ENDING GLOBAL POVERTY

HEADLINES OF THE DAY: ANOTHER 15,000 PEOPLE DIED YESTERDAY BECAUSE THEY WERE TOO POOR TO LIVE. THE RICH INCREASED THEIR WEALTH YESTERDAY BY $0.3 BILLION. THE 21st CENTURY VERSION OF THE FRENCH REVOLUTION IS ONE DAY NEARER.

“O Ye rich ones on earth! The poor in your midst are My trust; guard ye My trust, and be not intent only on your own ease.”
Bahá’u’lláh

A preview of the unpublished book A CIVILIZATION WITHOUT A VISION WILL PERISH: AN INDEPENDENT SEARCH FOR THE TRUTH by David Willis at willisdavid167@gmail.com. CHAPTER 1: INDIFFERENCE TO POVERTY (Part 76). This blog is a review of ENDING GLOBAL POVERTY: A GUIDE TO WHAT WORKS by Stephen C. Smith, published in 2005.

The traps that keep people mired in poverty
Over 800 million people suffer from chronic hunger, and over 10 million children die each year from preventable causes. Global poverty is something that we can and should solve within our lifetimes. Ending Global Poverty explores the various traps that keep people mired in poverty – traps like poor nutrition, illiteracy, and lack of access to health care – and presents eight keys to escaping these traps.
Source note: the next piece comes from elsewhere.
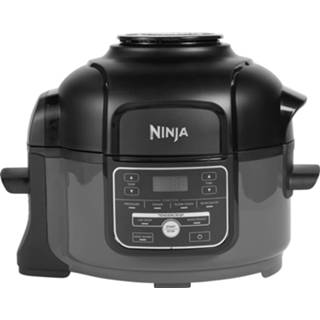👉 Multicooker Ninja Op100eu - Mini Multi Cooker 6-in-1 Functies 622356247115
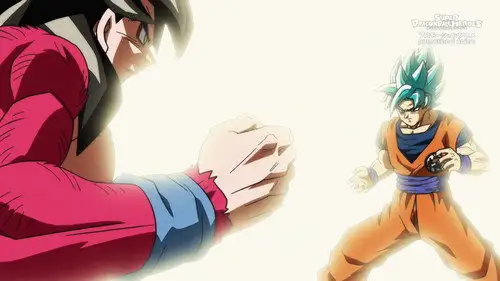 Super Dragon Ball Heroes Temporada 5 Episodios 2 • Sub Español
Smith gives readers the tools they need to determine which approaches are most effective in fighting, and eventually overcoming, poverty.

Practical advice about how to make a difference
Grassroots programs and organizations are helping people gain the capabilities they need to escape from poverty, and this book highlights many of the most promising of these strategies in some of the poorest countries in the world, explaining what they do and what makes them effective. Ending Global Poverty shows that although the task is daunting, it isn’t necessary to be rich or powerful to help pull people out of extreme poverty. This book is a vital resource for anyone who wants practical advice about how to make a difference now.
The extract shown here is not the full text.